Joe held it out. An inoffensive enough address: For the attention of Assistant Commissioner Sandilands.
In elegant black calligrapher’s handwriting.
A LABORATORY ATTENDANT tapped on the door and entered without waiting for a response. He seemed agitated.
“Doctor Rippon, sir. Urgent message from the river.” He glanced at a note in his hand. “Telephone just now. Redirected from HQ. From Inspector Orford for Commissioner Sandilands. They said he might be here.”
“You’ve come to the right shop then,” Rippon replied. “Here’s Commissioner Sandilands.”
“Sir! He’s found a body. Another one, on the riverbank. He’s having it brought in now.”
Joe and the doctor exchanged glances. “Lucky to have caught us,” Joe commented. “Were you planning to sleep tonight, Rippon? Do you have an assistant who could …”
“Same as you, Sandilands, I reckon. I learned to do without sleep years ago. All the same …” He turned to the attendant. “Thank you for that, Harper. Look—better ring Doctor Simmons and tell him I need to speak to him. And can you stay on? What about Richardson? He can type. Have him paged, will you?”
“You’ll be needing all hands on deck if the Commissioner’s planning a gathering of the sheeted dead,” Kingstone said bitterly. “Who’re you expecting now, Sandilands, to turn up for your weekend come-as-a-corpse party? Male or female?” he asked anxiously. “And—that envelope—do I have to snatch it from your hand and open it myself?”
Joe bit back a spirited reply, reading the man’s mood.
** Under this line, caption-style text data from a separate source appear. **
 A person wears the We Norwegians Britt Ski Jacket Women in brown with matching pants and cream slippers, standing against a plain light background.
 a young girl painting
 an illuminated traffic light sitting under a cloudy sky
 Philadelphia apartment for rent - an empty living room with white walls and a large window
“Psychological projection,” he’d learned to call this reaction. Dorcas would have explained that Kingstone, unable to bear the strain, was resorting unconsciously to a defence mechanism in order to maintain his stability. Blame someone else and ease the load. Not quite so primitive as an outright denial of events but disturbing. Inevitably, the man must now be conjuring with the idea of a second dancer’s body coming to light in the same place. Natalia this time? Kingstone was right—why the hell couldn’t the inspector have said—“a male body” or “a female body”? The awful thought that perhaps he’d been unable to make a judgement occurred to Joe. They were always the worst cases: the indistinguishables.
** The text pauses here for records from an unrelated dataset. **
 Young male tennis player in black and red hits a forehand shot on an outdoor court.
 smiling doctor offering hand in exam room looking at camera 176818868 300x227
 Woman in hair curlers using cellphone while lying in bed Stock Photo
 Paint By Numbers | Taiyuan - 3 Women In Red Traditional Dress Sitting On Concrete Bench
Kingstone had suffered three shocks to the system within the last hour and now, Joe feared, a fourth blow was about to be delivered. Nothing good was going to come out of the envelope all had their eyes on.
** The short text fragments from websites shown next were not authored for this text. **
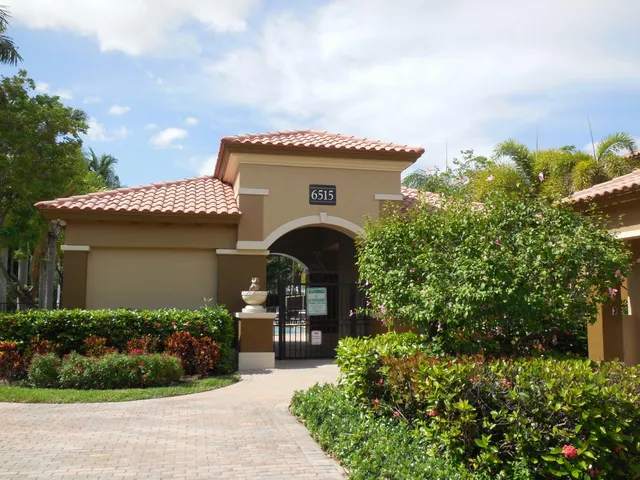 a view of a park with palm trees
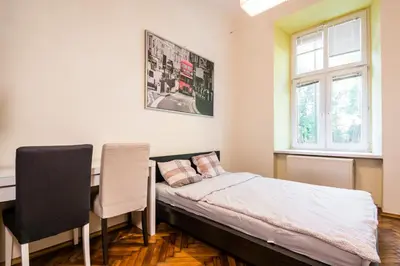 a bedroom with a bed and a desk and a window at Lilia in Kraków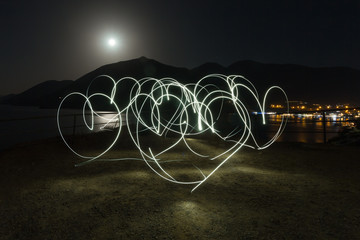 Light painting heart shapes over mountains, sea and night town background. Love. Night.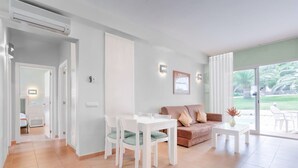 Ein modernes Wohnzimmer mit einem weißen Esstisch und Stühlen, einem Sofa und einem Couchtisch. Eine Glastür führt auf einen Balkon mit Blick ins Grüne.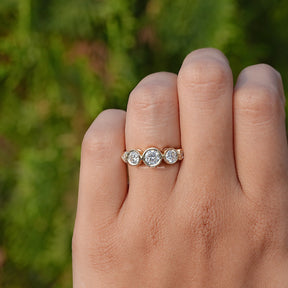 Detailed View of Round Cut Five Stone Bezel Set Ring In Yellow Gold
He ran a finger under the flap.
JOE READ THE few lines quickly and looked up at his audience. He was carried back for an uncomfortable moment to a time long-distant when he’d been staying with his elderly uncles in London. Unusually, there had arrived, addressed to the eight-year-old Master Joseph Sandilands, a letter which bore a stranger’s handwriting. To Joe’s fury, Uncle George had, without thought, opened it and read it before revealing the contents to Joe. The sender and the message were so innocent and so unimportant—an invitation to tea and a children’s play at the theatre—Joe could barely now recall them. But, with the indignant and pleading eyes of his audience on him at this moment, he could relive the urge to snatch it from his uncle’s hand. And now, he could also understand the old man’s concern to protect and act as a buffer between his nephew and the unknown.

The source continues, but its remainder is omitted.